Et pour quelqu’un qui a un minimum de connaissance en matière de philosophie éthique, il est plus que prévisible que le comportement éthique ne peut s’acquérir du jour au lendemain, même si le jour est un 14 janvier dont l’histoire de la Tunisie se souviendra à jamais. Il serait candide de croire qu’à partir du 15, les Tunisiens deviendraient plus tolérants, plus affables, moins agressifs et moins belliqueux.

Le changement éthique est l’un des plus longs à se mettre en place, mais il faut en premier lieu se rendre compte de sa nécessité. Il est pour le moins désolant de constater que l’une des résultantes de la révolution tunisienne soit des règlements de comptes, des coups bas, des accusations sans fondement et des insultes à tout bout de champ.

S’il est vrai que le régime de Ben Ali a tout fait pour que le concept des droits de l’homme soit juste une propagande menée dans une langue de bois à souhait et destiné à la consommation à l’étranger, s’il est vrai que ce même régime a tout fait pour affaiblir, voire éradiquer, la confiance entre le citoyen et la loi, en instaurant une impudique impunité, s’il est vrai que, sous ce même régime, l’homme était forcément accusé jusqu’à preuve de son innocence, il est désolant que certains Tunisiens se soient à ce point imprégnés d’un régime qui, s’ils ont réussi à le faire tomber, continue à peser, certes inconsciemment, sur les comportements et la conduite de pas mal d’entre eux.
A titre d’exemple, certains Tunisiens qui se sont rués sur les maisons et les palais des membres du régime déchu afin de s’emparer de certaines «richesses» qui, faut-il le rappeler, appartiennent à la communauté, et non aux pilleurs qui habitaient dans le coin et qui se sont octroyé le droit, vu la proximité, de se muer eux-mêmes en voleurs qui volent les voleurs, et qui s’approprient les biens qui ne sont pas les leurs.

Les journaux d’aujourd’hui qui se sont permis parfois de se livrer à des ragots ridicules ressemblent étrangement aux journaux d’hier qui calomniaient les opposants et les insultaient dans un style malveillant.

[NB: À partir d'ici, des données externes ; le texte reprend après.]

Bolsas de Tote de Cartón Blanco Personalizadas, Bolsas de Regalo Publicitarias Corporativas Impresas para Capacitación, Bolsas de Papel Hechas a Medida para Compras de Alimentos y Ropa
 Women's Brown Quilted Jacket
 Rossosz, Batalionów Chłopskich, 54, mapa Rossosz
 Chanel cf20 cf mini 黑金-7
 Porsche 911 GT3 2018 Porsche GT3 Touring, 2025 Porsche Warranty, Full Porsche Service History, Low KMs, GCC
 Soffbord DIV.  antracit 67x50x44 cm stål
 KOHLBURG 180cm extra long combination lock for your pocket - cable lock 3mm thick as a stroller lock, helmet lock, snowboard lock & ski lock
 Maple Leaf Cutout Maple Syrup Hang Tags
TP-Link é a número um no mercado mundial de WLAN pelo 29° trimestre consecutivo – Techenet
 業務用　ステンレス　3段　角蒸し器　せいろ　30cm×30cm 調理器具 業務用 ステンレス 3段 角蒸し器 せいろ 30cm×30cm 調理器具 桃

Les facebookers d’aujourd’hui qui fustigent le premier à avoir un avis différent des leurs ressemblent à s’y méprendre aux ex-mercenaires du pouvoir en place qui refusait d’écouter la moindre critique portée à son égard.

Et les divergences intellectuelles entre Tunisiens laïques ou islamistes de devenir une scène d’obscénités, de médisances et d’accusations; et les divergences politiques ou idéologiques de donner lieu à de le fausse propagande, à l’atteinte à la vie privée et même aux menaces à peine cachées; des politiciens tunisiens comme Rached Ghannouchi, Moncef Marzouki, Néjib Chebbi; des intellectuels et artistes tels Salwa Charfi, Nouri Bouzid, Mohamed Talbi et j’en passe, libres d’épouser l’idéologie qu’ils jugent meilleure, se sont vus carrément lynchés verbalement.

Afin de construire notre Tunisie de demain, je pense que le long terme est aussi important que la hâte manifestée par certains de consommer politiquement la liberté révolutionnaire. Et le long terme, le travail de longue haleine qui nous attend tous est celui de réapprendre au Tunisien aspirant à la démocratie le sens profond de la locution «respecter la différence» qu’aucune dictature au monde ne sait conjuguer.